Sudanese noblewoman and member of the Funj royal house

Nasra bint ʿAdlan (نصرة بنت عدلان; fl.1800s – 1850s) was a Funj noblewoman, power-broker, estate manager and enslaver, whose court was visited by Karl Richard Lepsius.

== Biography ==
Bint 'Adlan was born in the early 1800s, in or close to Sennar. Her mother was a princess of the Funj royal house; her father Muhammed 'Adlan descended from Muhammad Abu Likaylik, and rose to power in 1808. In 1821 her father was assassinated by dissidents before he could launch resistance against the Turkish conquest of the Funj state.

Her first husband was a merchant called Muhammad Sandaluba. They had a daughter named Dawwa and divided their time between Sennar and their estate at Maranjan, near Wad Madani. After the death of Sandaluba, bint 'Adlan remarried, this time to Daf ʿ Allah Muhammad, who was a district governor at Wad Madani. In the 1830s they built a palace and a village called Suriba, which served it. During this time the couple became more involved in commercial ventures, which included agriculture and prostitution, both of which were based on slave labour.

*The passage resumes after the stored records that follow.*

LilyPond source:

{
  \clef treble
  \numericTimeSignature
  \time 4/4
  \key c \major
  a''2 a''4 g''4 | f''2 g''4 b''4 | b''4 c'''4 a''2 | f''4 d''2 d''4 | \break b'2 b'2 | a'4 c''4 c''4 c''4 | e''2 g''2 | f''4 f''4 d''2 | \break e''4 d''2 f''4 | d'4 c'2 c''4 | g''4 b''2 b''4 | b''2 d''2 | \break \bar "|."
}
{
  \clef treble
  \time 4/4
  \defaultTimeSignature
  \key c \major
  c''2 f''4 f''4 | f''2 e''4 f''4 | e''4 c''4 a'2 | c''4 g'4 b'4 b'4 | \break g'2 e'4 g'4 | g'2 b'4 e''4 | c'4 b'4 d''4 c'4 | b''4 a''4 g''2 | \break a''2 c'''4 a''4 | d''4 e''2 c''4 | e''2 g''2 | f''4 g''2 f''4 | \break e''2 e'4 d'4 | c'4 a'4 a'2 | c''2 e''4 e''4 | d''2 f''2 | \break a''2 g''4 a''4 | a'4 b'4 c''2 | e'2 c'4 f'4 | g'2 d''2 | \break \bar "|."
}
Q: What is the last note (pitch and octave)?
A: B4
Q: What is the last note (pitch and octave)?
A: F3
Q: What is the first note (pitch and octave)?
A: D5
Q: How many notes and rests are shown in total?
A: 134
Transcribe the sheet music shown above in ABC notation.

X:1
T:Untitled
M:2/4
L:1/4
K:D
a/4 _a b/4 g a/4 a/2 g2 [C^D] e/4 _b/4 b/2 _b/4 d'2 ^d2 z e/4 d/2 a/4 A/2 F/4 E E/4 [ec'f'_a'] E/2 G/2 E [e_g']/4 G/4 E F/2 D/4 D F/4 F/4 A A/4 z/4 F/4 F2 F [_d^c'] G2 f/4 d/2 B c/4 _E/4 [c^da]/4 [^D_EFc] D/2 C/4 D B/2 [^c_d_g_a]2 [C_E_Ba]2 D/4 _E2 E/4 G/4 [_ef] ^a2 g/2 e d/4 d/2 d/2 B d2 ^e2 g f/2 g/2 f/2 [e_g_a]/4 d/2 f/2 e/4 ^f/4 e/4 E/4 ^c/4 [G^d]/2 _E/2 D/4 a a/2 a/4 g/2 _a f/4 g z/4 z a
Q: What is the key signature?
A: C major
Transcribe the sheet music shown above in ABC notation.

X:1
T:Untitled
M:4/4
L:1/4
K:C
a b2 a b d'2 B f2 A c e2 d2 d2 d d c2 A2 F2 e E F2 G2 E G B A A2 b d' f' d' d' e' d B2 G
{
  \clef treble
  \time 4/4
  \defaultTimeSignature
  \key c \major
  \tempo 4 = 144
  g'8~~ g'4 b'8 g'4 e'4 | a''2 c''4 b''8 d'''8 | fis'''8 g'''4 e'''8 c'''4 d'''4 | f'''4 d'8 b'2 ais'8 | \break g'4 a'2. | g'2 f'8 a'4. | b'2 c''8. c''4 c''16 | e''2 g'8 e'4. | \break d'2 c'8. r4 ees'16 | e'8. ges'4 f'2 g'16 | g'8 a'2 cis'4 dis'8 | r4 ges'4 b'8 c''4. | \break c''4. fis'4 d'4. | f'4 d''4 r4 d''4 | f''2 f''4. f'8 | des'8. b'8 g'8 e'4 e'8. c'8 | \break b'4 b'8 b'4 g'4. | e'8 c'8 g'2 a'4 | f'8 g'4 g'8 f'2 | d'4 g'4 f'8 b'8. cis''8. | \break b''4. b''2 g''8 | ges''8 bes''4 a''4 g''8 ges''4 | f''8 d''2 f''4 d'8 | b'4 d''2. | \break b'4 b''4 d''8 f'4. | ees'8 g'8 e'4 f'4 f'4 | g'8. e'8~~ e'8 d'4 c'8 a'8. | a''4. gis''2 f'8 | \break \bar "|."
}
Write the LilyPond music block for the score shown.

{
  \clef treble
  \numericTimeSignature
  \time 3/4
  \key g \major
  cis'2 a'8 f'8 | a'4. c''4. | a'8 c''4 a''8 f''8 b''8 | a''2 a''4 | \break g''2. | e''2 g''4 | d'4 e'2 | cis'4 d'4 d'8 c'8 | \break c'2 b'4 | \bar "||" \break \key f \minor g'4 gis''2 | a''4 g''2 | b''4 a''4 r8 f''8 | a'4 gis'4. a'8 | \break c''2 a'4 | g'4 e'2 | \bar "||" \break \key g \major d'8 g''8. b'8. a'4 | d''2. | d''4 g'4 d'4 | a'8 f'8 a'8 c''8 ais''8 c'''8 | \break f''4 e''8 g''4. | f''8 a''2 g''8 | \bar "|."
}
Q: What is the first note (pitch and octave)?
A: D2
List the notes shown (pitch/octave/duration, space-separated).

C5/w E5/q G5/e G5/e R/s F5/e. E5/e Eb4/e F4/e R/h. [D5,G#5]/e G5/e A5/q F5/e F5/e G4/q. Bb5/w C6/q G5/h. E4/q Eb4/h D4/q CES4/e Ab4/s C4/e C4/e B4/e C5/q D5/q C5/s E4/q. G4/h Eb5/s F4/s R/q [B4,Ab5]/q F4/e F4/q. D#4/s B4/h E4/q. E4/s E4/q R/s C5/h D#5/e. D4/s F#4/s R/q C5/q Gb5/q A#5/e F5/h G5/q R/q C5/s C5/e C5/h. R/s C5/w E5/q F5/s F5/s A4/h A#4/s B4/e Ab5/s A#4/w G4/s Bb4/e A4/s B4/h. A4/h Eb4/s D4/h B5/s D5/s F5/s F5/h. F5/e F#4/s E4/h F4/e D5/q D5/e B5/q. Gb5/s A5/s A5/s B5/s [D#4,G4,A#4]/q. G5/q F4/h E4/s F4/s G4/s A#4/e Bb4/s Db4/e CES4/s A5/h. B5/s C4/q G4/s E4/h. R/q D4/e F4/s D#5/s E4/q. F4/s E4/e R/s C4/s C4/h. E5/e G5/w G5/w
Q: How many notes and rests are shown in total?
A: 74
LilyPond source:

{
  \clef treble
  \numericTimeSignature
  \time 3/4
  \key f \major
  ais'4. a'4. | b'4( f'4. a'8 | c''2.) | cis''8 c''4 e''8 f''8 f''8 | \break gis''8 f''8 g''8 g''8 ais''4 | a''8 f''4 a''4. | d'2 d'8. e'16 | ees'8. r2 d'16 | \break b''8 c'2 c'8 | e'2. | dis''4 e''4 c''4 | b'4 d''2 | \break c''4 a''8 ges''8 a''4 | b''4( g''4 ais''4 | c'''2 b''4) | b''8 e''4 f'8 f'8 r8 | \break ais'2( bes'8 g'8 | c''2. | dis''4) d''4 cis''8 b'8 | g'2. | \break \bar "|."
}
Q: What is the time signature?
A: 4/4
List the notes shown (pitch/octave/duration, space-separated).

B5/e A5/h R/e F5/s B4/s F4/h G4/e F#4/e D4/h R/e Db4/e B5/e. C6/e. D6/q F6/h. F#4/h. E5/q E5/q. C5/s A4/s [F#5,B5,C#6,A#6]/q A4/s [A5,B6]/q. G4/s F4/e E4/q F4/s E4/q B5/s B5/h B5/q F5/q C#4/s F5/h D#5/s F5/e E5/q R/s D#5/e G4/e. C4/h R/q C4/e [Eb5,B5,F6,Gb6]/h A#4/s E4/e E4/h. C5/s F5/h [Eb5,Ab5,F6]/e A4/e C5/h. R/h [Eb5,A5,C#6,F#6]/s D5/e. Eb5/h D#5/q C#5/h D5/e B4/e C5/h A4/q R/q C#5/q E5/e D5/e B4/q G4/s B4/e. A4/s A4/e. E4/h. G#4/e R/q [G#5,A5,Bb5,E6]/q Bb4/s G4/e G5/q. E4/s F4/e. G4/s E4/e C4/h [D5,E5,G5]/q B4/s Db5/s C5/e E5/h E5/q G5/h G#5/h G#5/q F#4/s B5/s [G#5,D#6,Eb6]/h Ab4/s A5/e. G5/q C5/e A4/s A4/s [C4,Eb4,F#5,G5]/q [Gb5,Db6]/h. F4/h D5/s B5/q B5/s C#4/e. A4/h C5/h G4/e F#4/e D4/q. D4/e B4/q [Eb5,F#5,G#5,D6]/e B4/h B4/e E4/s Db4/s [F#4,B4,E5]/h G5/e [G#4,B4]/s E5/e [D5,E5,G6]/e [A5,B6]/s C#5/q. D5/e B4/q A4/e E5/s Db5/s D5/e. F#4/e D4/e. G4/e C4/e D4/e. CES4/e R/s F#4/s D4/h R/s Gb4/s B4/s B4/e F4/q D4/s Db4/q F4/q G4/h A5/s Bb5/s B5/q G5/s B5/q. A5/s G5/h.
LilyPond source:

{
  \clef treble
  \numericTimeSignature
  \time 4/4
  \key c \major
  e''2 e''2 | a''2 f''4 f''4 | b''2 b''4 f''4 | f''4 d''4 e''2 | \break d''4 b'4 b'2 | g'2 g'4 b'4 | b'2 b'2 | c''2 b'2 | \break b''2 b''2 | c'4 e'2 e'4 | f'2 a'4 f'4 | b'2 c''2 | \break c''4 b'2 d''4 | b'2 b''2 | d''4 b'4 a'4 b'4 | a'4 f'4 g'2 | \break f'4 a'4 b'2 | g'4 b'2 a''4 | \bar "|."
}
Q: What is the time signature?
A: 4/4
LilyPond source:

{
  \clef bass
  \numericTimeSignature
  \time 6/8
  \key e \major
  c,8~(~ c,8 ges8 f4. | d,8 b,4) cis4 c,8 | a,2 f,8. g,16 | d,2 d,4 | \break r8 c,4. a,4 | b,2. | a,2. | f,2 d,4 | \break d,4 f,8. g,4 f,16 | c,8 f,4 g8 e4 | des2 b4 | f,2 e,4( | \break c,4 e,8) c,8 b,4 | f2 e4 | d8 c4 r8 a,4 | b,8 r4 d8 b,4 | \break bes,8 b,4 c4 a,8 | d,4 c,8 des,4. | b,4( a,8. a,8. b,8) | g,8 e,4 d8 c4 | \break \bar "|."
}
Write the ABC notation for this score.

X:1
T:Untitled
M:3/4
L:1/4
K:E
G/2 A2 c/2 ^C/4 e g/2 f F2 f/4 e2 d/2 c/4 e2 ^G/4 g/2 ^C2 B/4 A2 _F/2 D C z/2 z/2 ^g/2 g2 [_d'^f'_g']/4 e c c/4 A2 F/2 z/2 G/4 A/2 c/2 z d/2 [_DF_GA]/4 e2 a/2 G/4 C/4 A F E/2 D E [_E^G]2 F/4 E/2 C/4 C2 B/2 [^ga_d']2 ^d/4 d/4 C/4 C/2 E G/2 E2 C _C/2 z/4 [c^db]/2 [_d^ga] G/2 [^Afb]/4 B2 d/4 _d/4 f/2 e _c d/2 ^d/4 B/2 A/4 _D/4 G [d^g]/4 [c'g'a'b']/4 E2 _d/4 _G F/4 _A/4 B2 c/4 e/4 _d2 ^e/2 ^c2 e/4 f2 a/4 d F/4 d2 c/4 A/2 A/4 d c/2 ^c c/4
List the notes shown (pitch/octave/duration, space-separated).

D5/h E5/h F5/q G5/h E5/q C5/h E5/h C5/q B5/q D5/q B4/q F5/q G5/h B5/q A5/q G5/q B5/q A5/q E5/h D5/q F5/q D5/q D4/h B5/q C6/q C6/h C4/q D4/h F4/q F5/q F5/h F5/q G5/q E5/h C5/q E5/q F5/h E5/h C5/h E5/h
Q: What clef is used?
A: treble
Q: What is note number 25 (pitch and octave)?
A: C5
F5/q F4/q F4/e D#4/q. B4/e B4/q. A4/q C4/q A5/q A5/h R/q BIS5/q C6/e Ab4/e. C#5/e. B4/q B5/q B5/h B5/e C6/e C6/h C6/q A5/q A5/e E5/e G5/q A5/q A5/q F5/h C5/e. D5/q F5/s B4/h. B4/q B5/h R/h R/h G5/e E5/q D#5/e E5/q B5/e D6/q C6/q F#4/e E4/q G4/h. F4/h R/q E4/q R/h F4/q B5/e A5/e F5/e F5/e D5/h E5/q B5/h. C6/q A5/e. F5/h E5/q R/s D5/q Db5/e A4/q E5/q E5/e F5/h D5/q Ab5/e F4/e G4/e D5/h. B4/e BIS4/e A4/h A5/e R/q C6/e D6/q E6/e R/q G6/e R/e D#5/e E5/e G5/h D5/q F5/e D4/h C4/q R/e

As the manager of her own estates, and connected to high-ranking officials through her family and wealth, bint 'Adlan was an influential woman in the region. She supported Nasir wad Abakr to bid for the throne of Taqali.

She died between 1852 and 1860; after her death the Suriba palace became a ruin. The archaeologist Karl Richard Lepsius had visited bint 'Adlan and an account of her life was published in 1853 in his work Letters from Egypt, Ethiopia, and the Peninsula of Sinai.